** Opening DATA TO EXAMINE block **

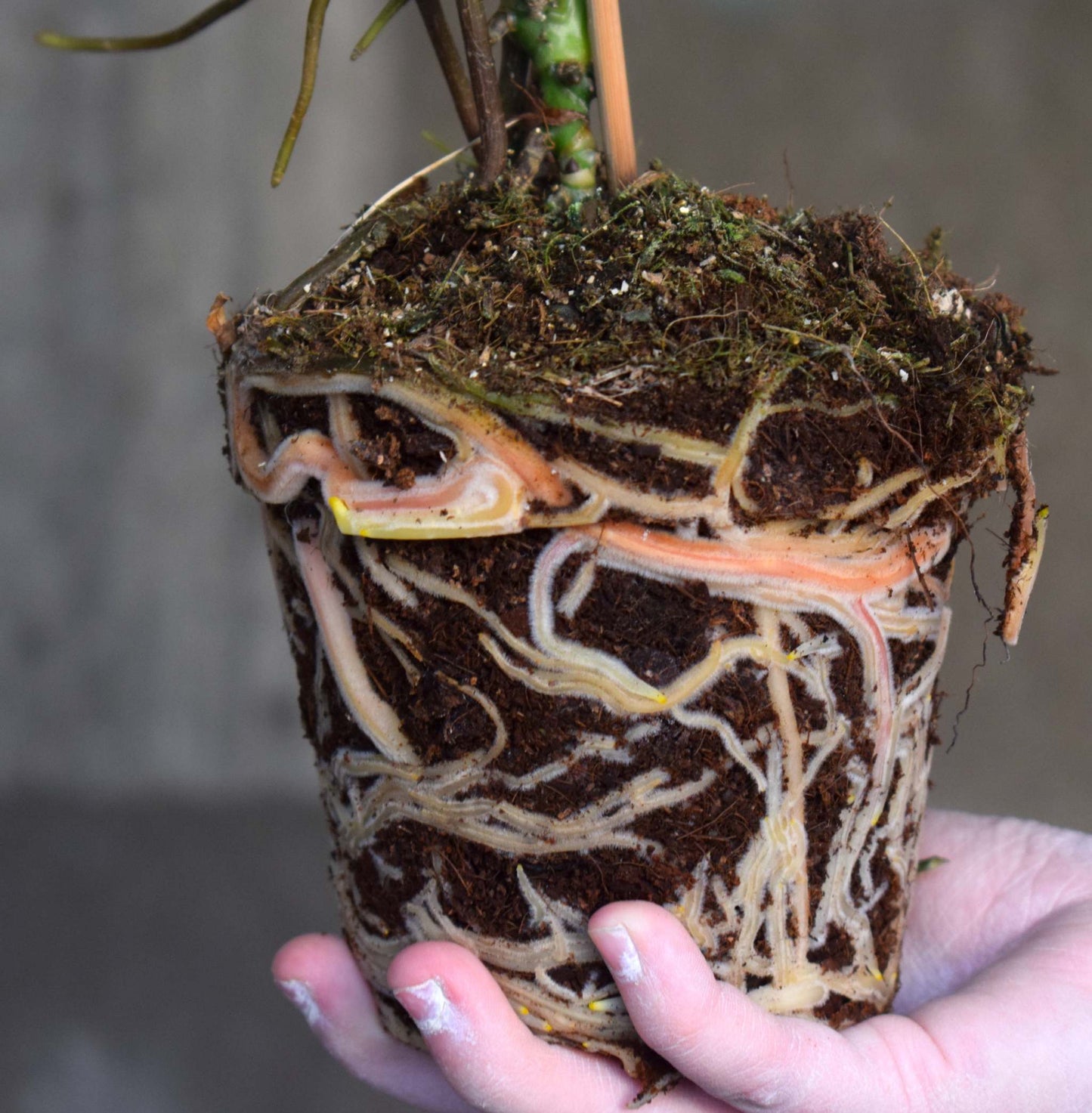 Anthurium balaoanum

** Closing DATA TO EXAMINE block **
** Opening DATA TO EXAMINE block **

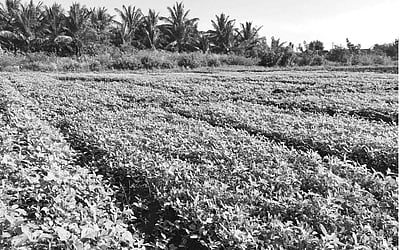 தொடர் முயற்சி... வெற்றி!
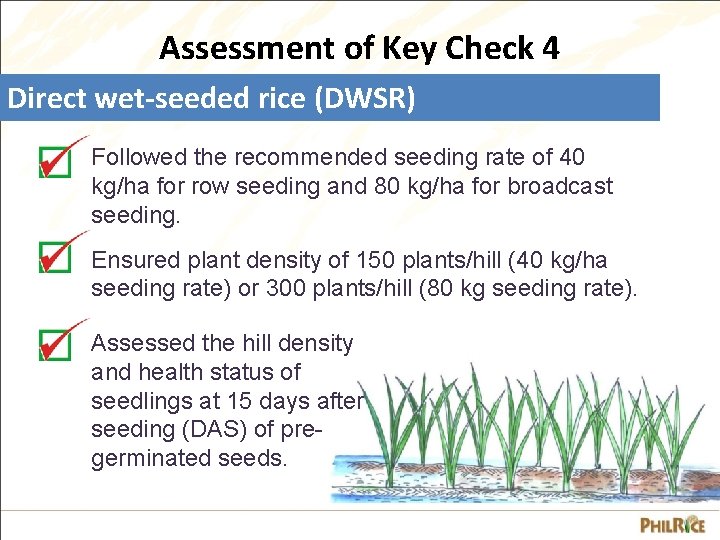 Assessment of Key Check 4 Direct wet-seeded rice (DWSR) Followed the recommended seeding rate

** Closing DATA TO EXAMINE block **
** Opening DATA TO EXAMINE block **

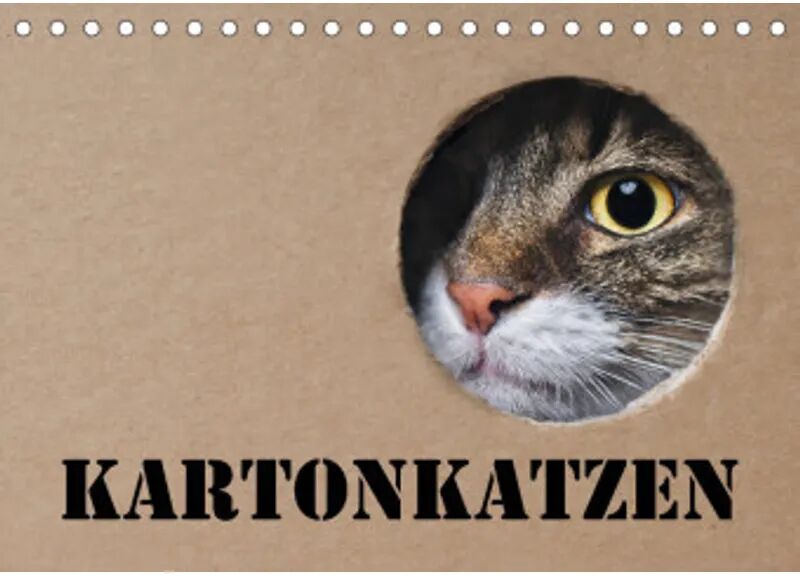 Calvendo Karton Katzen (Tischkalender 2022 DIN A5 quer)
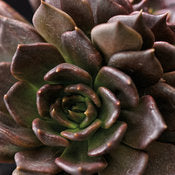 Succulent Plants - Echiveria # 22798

** Closing DATA TO EXAMINE block **

TASK BRIEF:
Both the line containing "Calvendo Karton Katzen" and the line containing "Succulent Plants - Echiveria # 22798" above belong in the output, as do the lines between them. Print them exactly, without pictures.

RESPONSE TO THE EXERCISE:
 Calvendo Karton Katzen (Tischkalender 2022 DIN A5 quer)
 Succulent Plants - Echiveria # 22798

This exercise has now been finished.